## Exercise instructions
Restate the records underneath, keeping each one exactly the same.

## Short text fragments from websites

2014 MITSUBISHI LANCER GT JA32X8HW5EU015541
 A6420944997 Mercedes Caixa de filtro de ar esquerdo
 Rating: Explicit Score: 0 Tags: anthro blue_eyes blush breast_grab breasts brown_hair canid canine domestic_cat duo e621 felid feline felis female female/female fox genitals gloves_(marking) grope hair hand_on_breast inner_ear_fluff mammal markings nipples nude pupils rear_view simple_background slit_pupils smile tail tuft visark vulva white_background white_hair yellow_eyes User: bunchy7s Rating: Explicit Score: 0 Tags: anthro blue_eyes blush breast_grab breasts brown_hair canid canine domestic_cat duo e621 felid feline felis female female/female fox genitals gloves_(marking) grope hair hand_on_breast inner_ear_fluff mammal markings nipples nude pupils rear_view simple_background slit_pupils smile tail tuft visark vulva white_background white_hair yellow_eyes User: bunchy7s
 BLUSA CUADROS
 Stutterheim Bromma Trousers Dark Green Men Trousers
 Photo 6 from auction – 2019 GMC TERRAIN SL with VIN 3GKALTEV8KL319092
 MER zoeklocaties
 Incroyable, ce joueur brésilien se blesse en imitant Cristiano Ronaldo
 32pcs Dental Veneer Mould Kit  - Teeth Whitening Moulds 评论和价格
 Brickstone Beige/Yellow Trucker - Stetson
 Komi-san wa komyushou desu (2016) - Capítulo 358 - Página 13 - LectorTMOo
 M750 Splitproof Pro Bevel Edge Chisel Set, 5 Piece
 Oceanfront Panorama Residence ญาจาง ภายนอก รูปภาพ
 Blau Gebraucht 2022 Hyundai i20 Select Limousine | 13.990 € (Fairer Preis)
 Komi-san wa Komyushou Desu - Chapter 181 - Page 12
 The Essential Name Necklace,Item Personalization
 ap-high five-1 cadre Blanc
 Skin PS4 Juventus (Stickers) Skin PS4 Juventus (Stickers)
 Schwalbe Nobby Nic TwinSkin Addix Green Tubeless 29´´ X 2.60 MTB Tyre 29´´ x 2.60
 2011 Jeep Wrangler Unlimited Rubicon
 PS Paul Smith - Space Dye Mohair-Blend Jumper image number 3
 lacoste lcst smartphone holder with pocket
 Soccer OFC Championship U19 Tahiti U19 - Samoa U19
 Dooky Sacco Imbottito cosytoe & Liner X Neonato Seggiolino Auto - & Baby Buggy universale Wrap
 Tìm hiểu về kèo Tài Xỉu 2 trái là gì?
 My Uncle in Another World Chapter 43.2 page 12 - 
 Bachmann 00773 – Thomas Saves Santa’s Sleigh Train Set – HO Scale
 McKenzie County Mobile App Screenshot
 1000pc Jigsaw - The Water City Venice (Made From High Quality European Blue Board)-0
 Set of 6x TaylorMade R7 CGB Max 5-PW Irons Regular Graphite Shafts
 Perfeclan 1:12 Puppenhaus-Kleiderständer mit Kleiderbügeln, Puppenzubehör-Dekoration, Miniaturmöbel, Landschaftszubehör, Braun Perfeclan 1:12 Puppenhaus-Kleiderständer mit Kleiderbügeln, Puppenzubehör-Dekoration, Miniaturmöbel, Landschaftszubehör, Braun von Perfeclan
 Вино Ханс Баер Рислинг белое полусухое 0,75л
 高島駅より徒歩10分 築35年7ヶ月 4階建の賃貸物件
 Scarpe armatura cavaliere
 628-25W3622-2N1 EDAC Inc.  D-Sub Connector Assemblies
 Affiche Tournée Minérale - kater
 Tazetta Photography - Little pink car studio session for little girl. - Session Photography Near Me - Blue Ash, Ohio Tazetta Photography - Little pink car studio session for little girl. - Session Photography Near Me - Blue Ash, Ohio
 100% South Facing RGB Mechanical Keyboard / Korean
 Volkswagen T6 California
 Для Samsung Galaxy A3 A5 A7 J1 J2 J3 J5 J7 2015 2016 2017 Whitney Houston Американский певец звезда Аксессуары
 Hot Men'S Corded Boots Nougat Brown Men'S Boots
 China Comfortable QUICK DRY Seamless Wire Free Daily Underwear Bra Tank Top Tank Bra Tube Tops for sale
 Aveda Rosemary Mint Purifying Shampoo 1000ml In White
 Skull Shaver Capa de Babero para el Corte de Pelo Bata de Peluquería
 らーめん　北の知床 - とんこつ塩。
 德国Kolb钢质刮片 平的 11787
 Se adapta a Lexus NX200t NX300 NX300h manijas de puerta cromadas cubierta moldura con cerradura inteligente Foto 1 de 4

## Task response
2014 MITSUBISHI LANCER GT JA32X8HW5EU015541
 A6420944997 Mercedes Caixa de filtro de ar esquerdo
 Rating: Explicit Score: 0 Tags: anthro blue_eyes blush breast_grab breasts brown_hair canid canine domestic_cat duo e621 felid feline felis female female/female fox genitals gloves_(marking) grope hair hand_on_breast inner_ear_fluff mammal markings nipples nude pupils rear_view simple_background slit_pupils smile tail tuft visark vulva white_background white_hair yellow_eyes User: bunchy7s Rating: Explicit Score: 0 Tags: anthro blue_eyes blush breast_grab breasts brown_hair canid canine domestic_cat duo e621 felid feline felis female female/female fox genitals gloves_(marking) grope hair hand_on_breast inner_ear_fluff mammal markings nipples nude pupils rear_view simple_background slit_pupils smile tail tuft visark vulva white_background white_hair yellow_eyes User: bunchy7s
 BLUSA CUADROS
 Stutterheim Bromma Trousers Dark Green Men Trousers
 Photo 6 from auction – 2019 GMC TERRAIN SL with VIN 3GKALTEV8KL319092
 MER zoeklocaties
 Incroyable, ce joueur brésilien se blesse en imitant Cristiano Ronaldo
 32pcs Dental Veneer Mould Kit  - Teeth Whitening Moulds 评论和价格
 Brickstone Beige/Yellow Trucker - Stetson
 Komi-san wa komyushou desu (2016) - Capítulo 358 - Página 13 - LectorTMOo
 M750 Splitproof Pro Bevel Edge Chisel Set, 5 Piece
 Oceanfront Panorama Residence ญาจาง ภายนอก รูปภาพ
 Blau Gebraucht 2022 Hyundai i20 Select Limousine | 13.990 € (Fairer Preis)
 Komi-san wa Komyushou Desu - Chapter 181 - Page 12
 The Essential Name Necklace,Item Personalization
 ap-high five-1 cadre Blanc
 Skin PS4 Juventus (Stickers) Skin PS4 Juventus (Stickers)
 Schwalbe Nobby Nic TwinSkin Addix Green Tubeless 29´´ X 2.60 MTB Tyre 29´´ x 2.60
 2011 Jeep Wrangler Unlimited Rubicon
 PS Paul Smith - Space Dye Mohair-Blend Jumper image number 3
 lacoste lcst smartphone holder with pocket
 Soccer OFC Championship U19 Tahiti U19 - Samoa U19
 Dooky Sacco Imbottito cosytoe & Liner X Neonato Seggiolino Auto - & Baby Buggy universale Wrap
 Tìm hiểu về kèo Tài Xỉu 2 trái là gì?
 My Uncle in Another World Chapter 43.2 page 12 - 
 Bachmann 00773 – Thomas Saves Santa’s Sleigh Train Set – HO Scale
 McKenzie County Mobile App Screenshot
 1000pc Jigsaw - The Water City Venice (Made From High Quality European Blue Board)-0
 Set of 6x TaylorMade R7 CGB Max 5-PW Irons Regular Graphite Shafts
 Perfeclan 1:12 Puppenhaus-Kleiderständer mit Kleiderbügeln, Puppenzubehör-Dekoration, Miniaturmöbel, Landschaftszubehör, Braun Perfeclan 1:12 Puppenhaus-Kleiderständer mit Kleiderbügeln, Puppenzubehör-Dekoration, Miniaturmöbel, Landschaftszubehör, Braun von Perfeclan
 Вино Ханс Баер Рислинг белое полусухое 0,75л
 高島駅より徒歩10分 築35年7ヶ月 4階建の賃貸物件
 Scarpe armatura cavaliere
 628-25W3622-2N1 EDAC Inc.  D-Sub Connector Assemblies
 Affiche Tournée Minérale - kater
 Tazetta Photography - Little pink car studio session for little girl. - Session Photography Near Me - Blue Ash, Ohio Tazetta Photography - Little pink car studio session for little girl. - Session Photography Near Me - Blue Ash, Ohio
 100% South Facing RGB Mechanical Keyboard / Korean
 Volkswagen T6 California
 Для Samsung Galaxy A3 A5 A7 J1 J2 J3 J5 J7 2015 2016 2017 Whitney Houston Американский певец звезда Аксессуары
 Hot Men'S Corded Boots Nougat Brown Men'S Boots
 China Comfortable QUICK DRY Seamless Wire Free Daily Underwear Bra Tank Top Tank Bra Tube Tops for sale
 Aveda Rosemary Mint Purifying Shampoo 1000ml In White
 Skull Shaver Capa de Babero para el Corte de Pelo Bata de Peluquería
 らーめん　北の知床 - とんこつ塩。
 德国Kolb钢质刮片 平的 11787
 Se adapta a Lexus NX200t NX300 NX300h manijas de puerta cromadas cubierta moldura con cerradura inteligente Foto 1 de 4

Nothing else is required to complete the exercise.